#### Task requirements:
Reproduce the entries word for word, and omit any picture you find in them.

#### Entries shown:

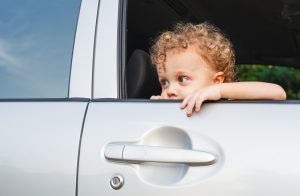 sad boy near car window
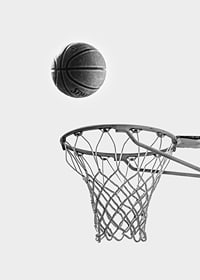 Black and white photo of basketball above basket against light background-7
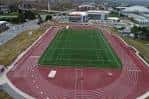 Plano cenital del estadio mostrando la pista roja y el césped verde en buen estado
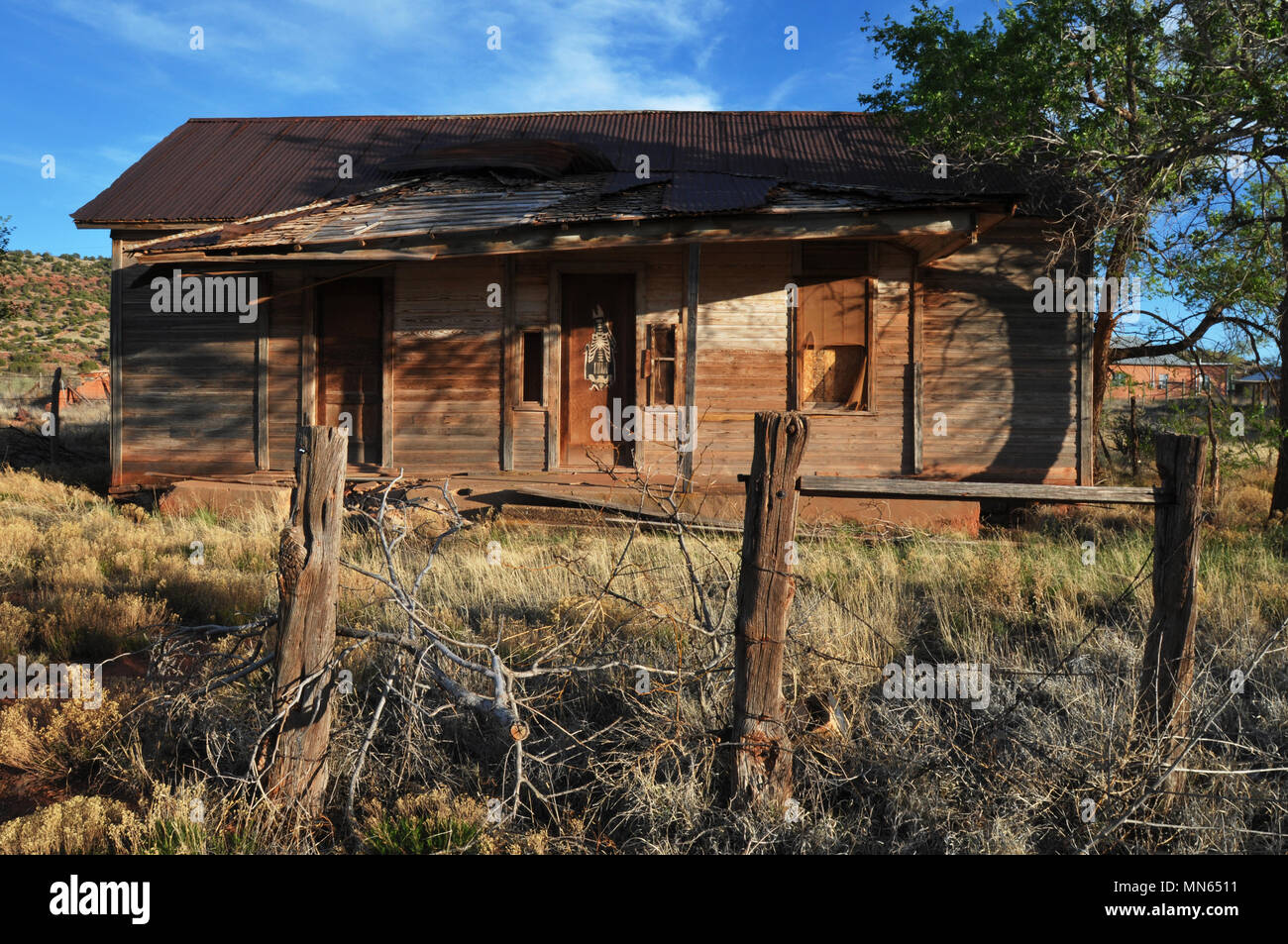 The remnants of a fence stand in front of an abandoned house in the Route 66 town of Cuervo, New Mexico. Stock Photo
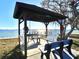 Inviting outdoor seating area features a gazebo with swing benches and park benches for enjoying water views at 4524 106Th W St, Bradenton, FL 34210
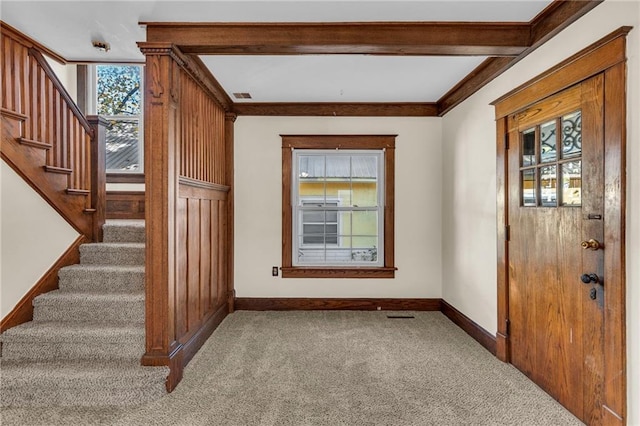 305 E Main St, Richmond, MO 64085 - carpeted foyer featuring stairs and ornamental molding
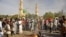 People gather at the site of a bomb explosion in Kano, Nigeria, Friday Nov. 28, 2014. An explosion tore through the central mosque in Nigeria's second-largest city on Friday, and officials feared the casualty toll would be high. Capt. Ikechukwu Eze said t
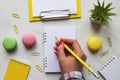 Woman's hand writing in notepad or sketchbook. Creative colorful artistic workplace. Table desk with notepads, pencil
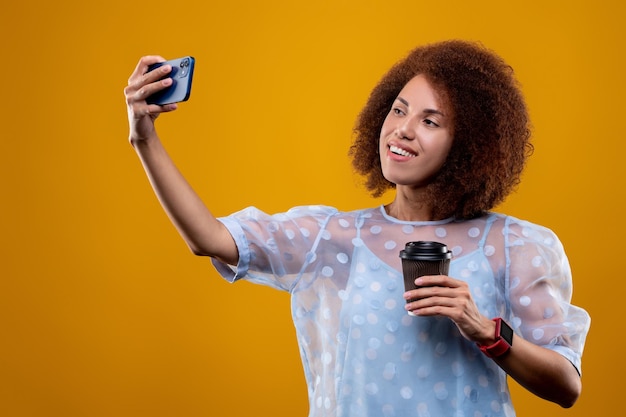 Mujer joven con una taza de café haciendo selfie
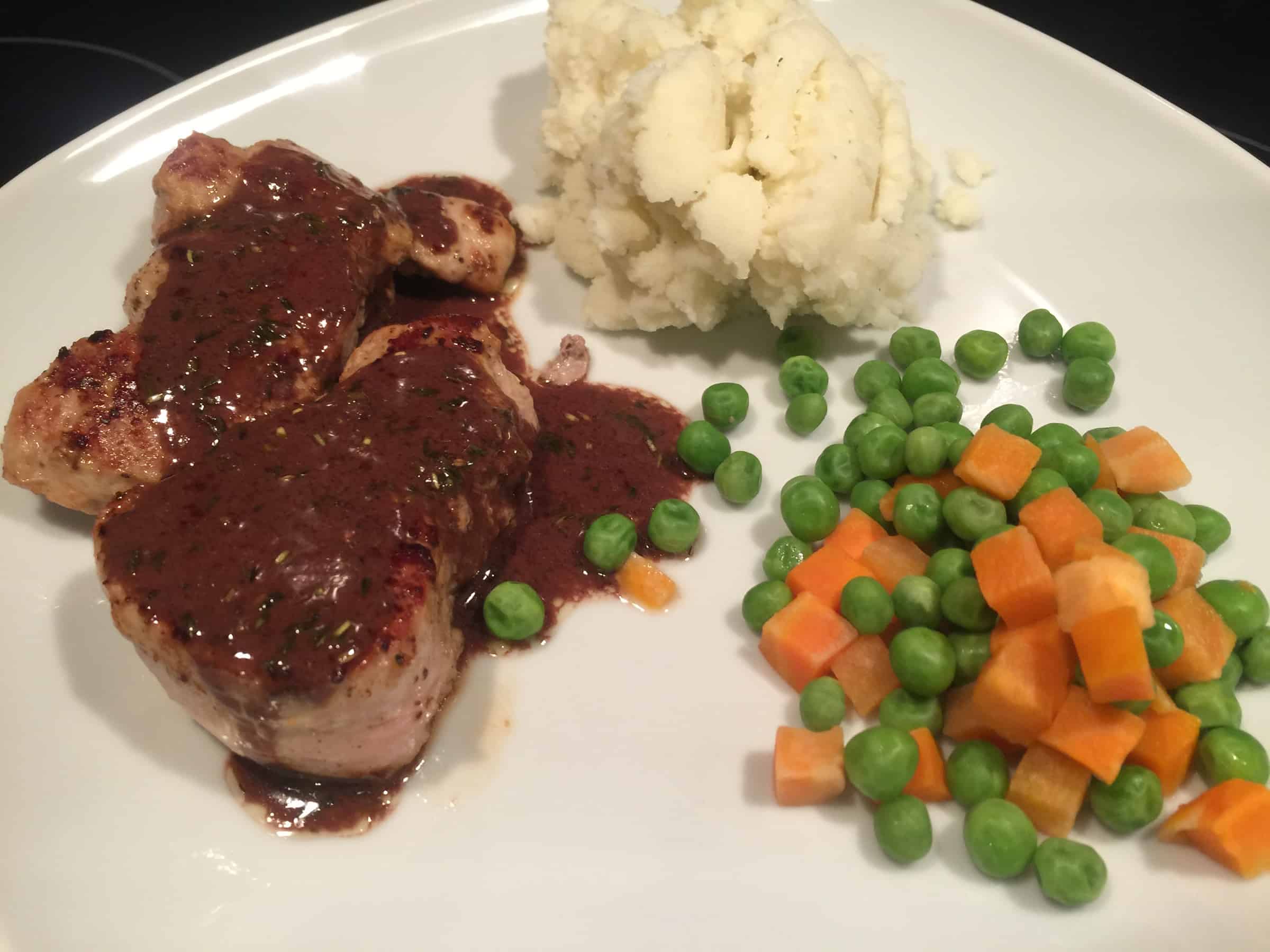 Basin & Marot Herb-Crusted Pork Tenderloin with Wine Glaze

#### Your solution:
 sad boy near car window
 Black and white photo of basketball above basket against light background-7
 Plano cenital del estadio mostrando la pista roja y el césped verde en buen estado
 The remnants of a fence stand in front of an abandoned house in the Route 66 town of Cuervo, New Mexico. Stock Photo
 Inviting outdoor seating area features a gazebo with swing benches and park benches for enjoying water views at 4524 106Th W St, Bradenton, FL 34210
 305 E Main St, Richmond, MO 64085 - carpeted foyer featuring stairs and ornamental molding
 People gather at the site of a bomb explosion in Kano, Nigeria, Friday Nov. 28, 2014. An explosion tore through the central mosque in Nigeria's second-largest city on Friday, and officials feared the casualty toll would be high. Capt. Ikechukwu Eze said t
 Woman's hand writing in notepad or sketchbook. Creative colorful artistic workplace. Table desk with notepads, pencil
 Mujer joven con una taza de café haciendo selfie
 Basin & Marot Herb-Crusted Pork Tenderloin with Wine Glaze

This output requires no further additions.